Material for this task —
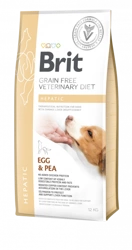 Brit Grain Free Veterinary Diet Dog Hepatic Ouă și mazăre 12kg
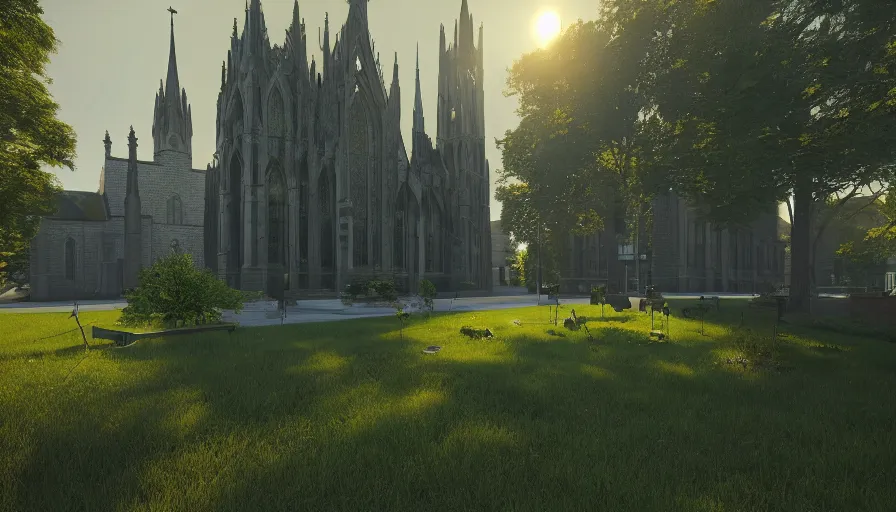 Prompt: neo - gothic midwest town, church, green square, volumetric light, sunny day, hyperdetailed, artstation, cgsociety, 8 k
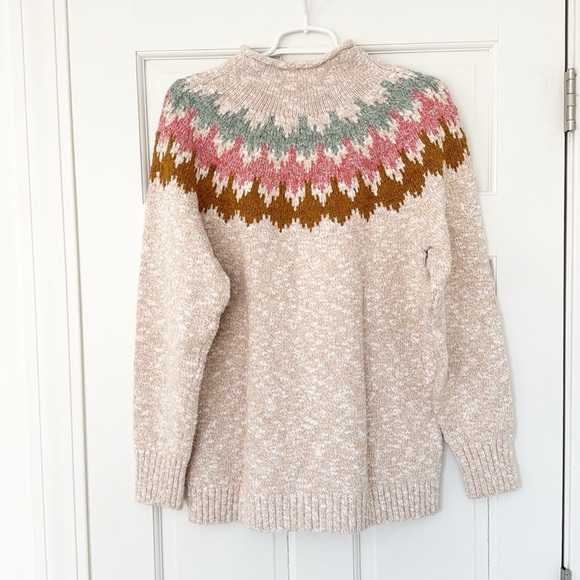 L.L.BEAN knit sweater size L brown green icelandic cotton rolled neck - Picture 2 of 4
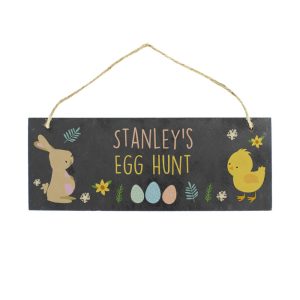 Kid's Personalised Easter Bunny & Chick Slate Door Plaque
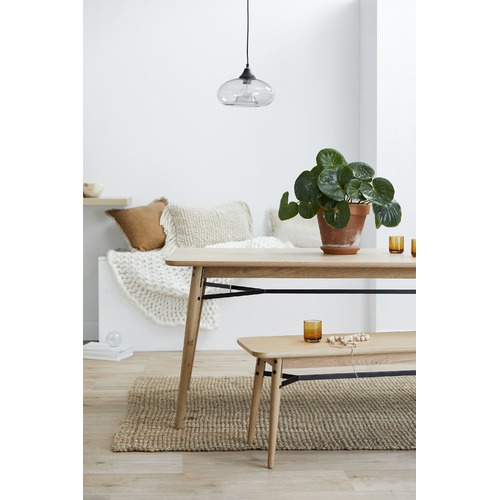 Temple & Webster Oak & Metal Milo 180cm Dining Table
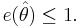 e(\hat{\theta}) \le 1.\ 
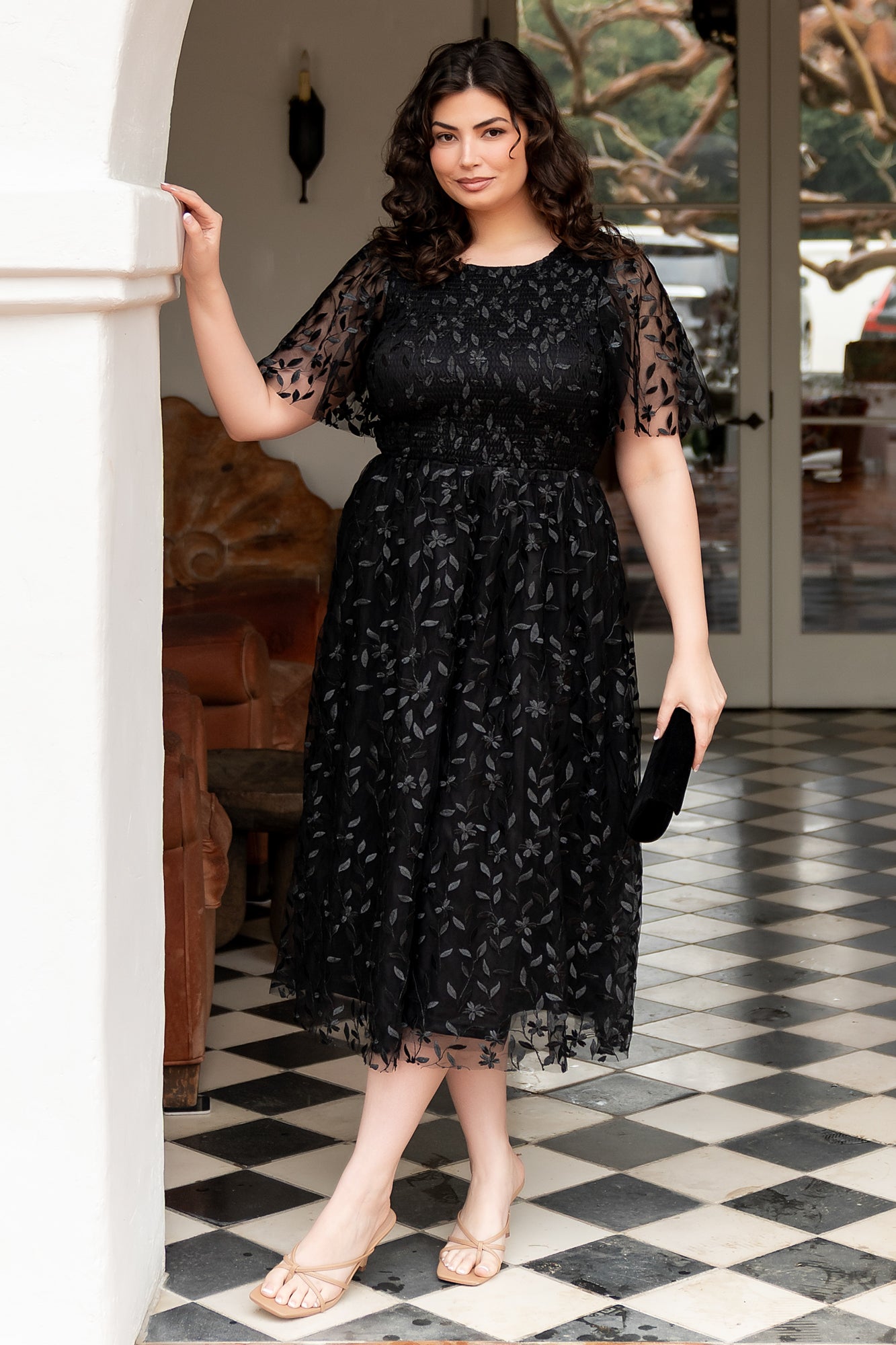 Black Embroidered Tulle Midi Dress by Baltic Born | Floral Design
...
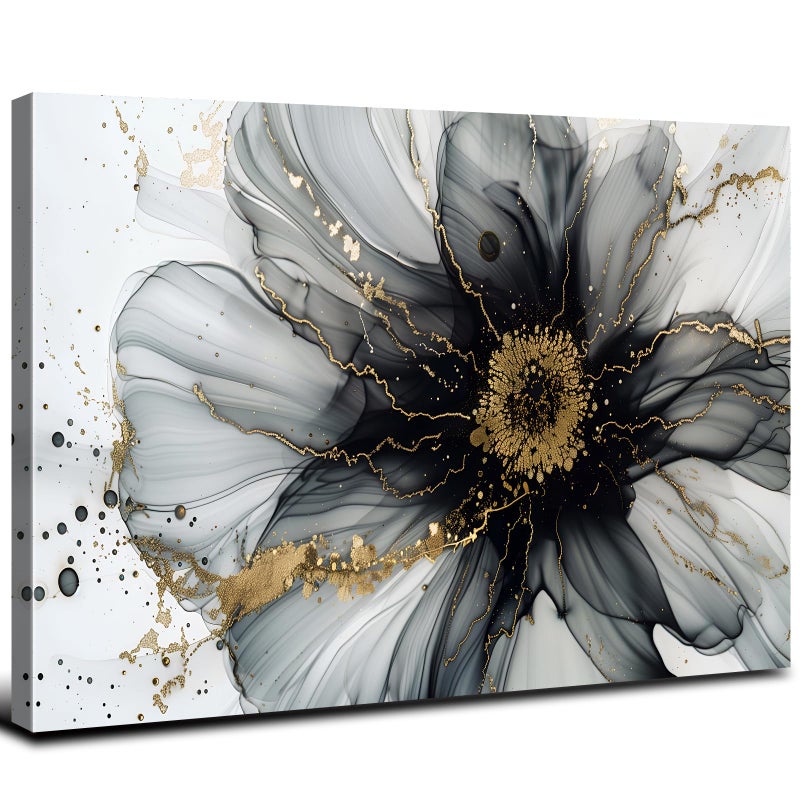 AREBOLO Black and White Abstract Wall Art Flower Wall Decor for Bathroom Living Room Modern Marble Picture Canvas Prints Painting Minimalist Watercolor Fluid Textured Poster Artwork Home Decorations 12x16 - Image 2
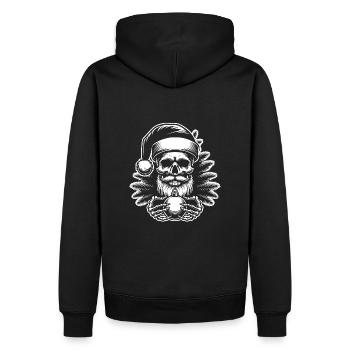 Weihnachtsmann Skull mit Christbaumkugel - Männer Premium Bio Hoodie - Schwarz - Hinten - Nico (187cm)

Exercise — Look above for the line containing "Brit Grain Free", then copy exactly from it through the line containing "Black Embroidered Tulle", keeping both and leaving out pictures. Add nothing else.

Written answer —
 Brit Grain Free Veterinary Diet Dog Hepatic Ouă și mazăre 12kg
 Prompt: neo - gothic midwest town, church, green square, volumetric light, sunny day, hyperdetailed, artstation, cgsociety, 8 k
 L.L.BEAN knit sweater size L brown green icelandic cotton rolled neck - Picture 2 of 4
 Kid's Personalised Easter Bunny & Chick Slate Door Plaque
 Temple & Webster Oak & Metal Milo 180cm Dining Table
 e(\hat{\theta}) \le 1.\ 
 Black Embroidered Tulle Midi Dress by Baltic Born | Floral Design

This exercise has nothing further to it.